The lecture focuses on constructing a Pushdown Automaton (PDA) for the language L = {w | |w|_a = |w|_b, w \in (a, b)*}. The instructor, Sanchit Jain, explains that the goal is to accept strings where the count of 'a's equals the count of 'b's, regardless of their order. He begins by setting up the PDA structure with an initial state q_0 and a final state q_f. He details the transition rules required to balance the characters. The strategy involves pushing characters onto the stack when they are the same as the top of the stack or the initial symbol, but popping them when an 'a' encounters a 'b' or a 'b' encounters an 'a'. This effectively cancels out matching pairs. The transitions written include a, Z_0 / aZ_0, a, a / aa, b, Z_0 / bZ_0, b, b / bb, a, b / \epsilon, and b, a / \epsilon. Finally, a transition \epsilon, Z_0 / Z_0 allows moving to the final state if the stack is empty.
Chapters
0:00 – 2:00 00:00-02:00
The instructor introduces the problem statement displayed on the screen: "Q Construct PDA that accepts L = {|w|_a=b | w \in (a, b)*}?". He starts drawing the state diagram, focusing on state q_0. He writes down the specific transition rules needed to handle the input alphabet {a, b}. He lists transitions such as a, Z_0 / aZ_0 and a, a / aa to push 'a's, and b, Z_0 / bZ_0 and b, b / bb to push 'b's. Crucially, he adds cancellation rules: a, b / \epsilon to pop a 'b' when an 'a' is read, and b, a / \epsilon to pop an 'a' when a 'b' is read. This establishes the logic for balancing the counts of the two characters.
2:00 – 3:53 02:00-03:53
The instructor demonstrates the PDA's functionality using the example string a a b a b b. He traces the stack evolution on the right side of the screen. Initially, the stack contains Z_0. As 'a' and 'a' are read, they are pushed, making the stack aaZ_0. When 'b' is read, it cancels an 'a', reducing the stack to aZ_0. The next 'a' is pushed, resulting in aaZ_0. The subsequent 'b' cancels an 'a', leaving aZ_0. The final 'b' cancels the last 'a', leaving only Z_0. He draws an arrow from q_0 to a final state q_f labeled \epsilon, Z_0 / Z_0, indicating that the string is accepted because the stack is empty (containing only the initial symbol) at the end of the input. The final state q_f is marked with a double circle to denote acceptance.
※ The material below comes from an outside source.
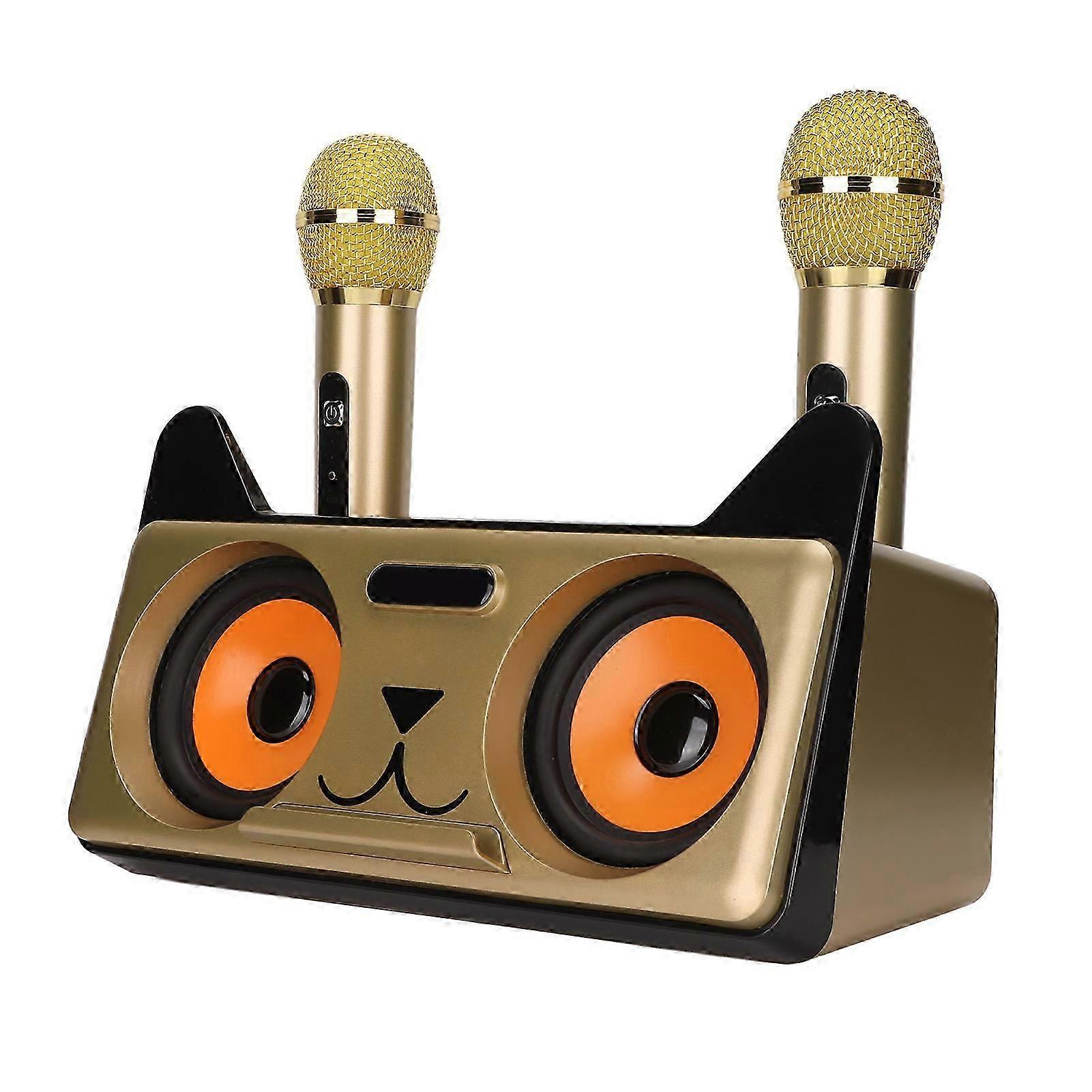 Bluetooth Karaoke Speaker Hifi Portable Cute Desk Speaker With 2 Wireless Microphone For Family Ktvgold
The video effectively bridges the gap between theoretical PDA construction and practical execution. By defining specific push and pop transitions that cancel opposing characters, the instructor creates a robust mechanism for counting. The step-by-step trace of the string a a b a b b validates the logic, showing how the stack height fluctuates but returns to the base level only when the counts are perfectly balanced. This confirms that the constructed PDA correctly recognizes the language L.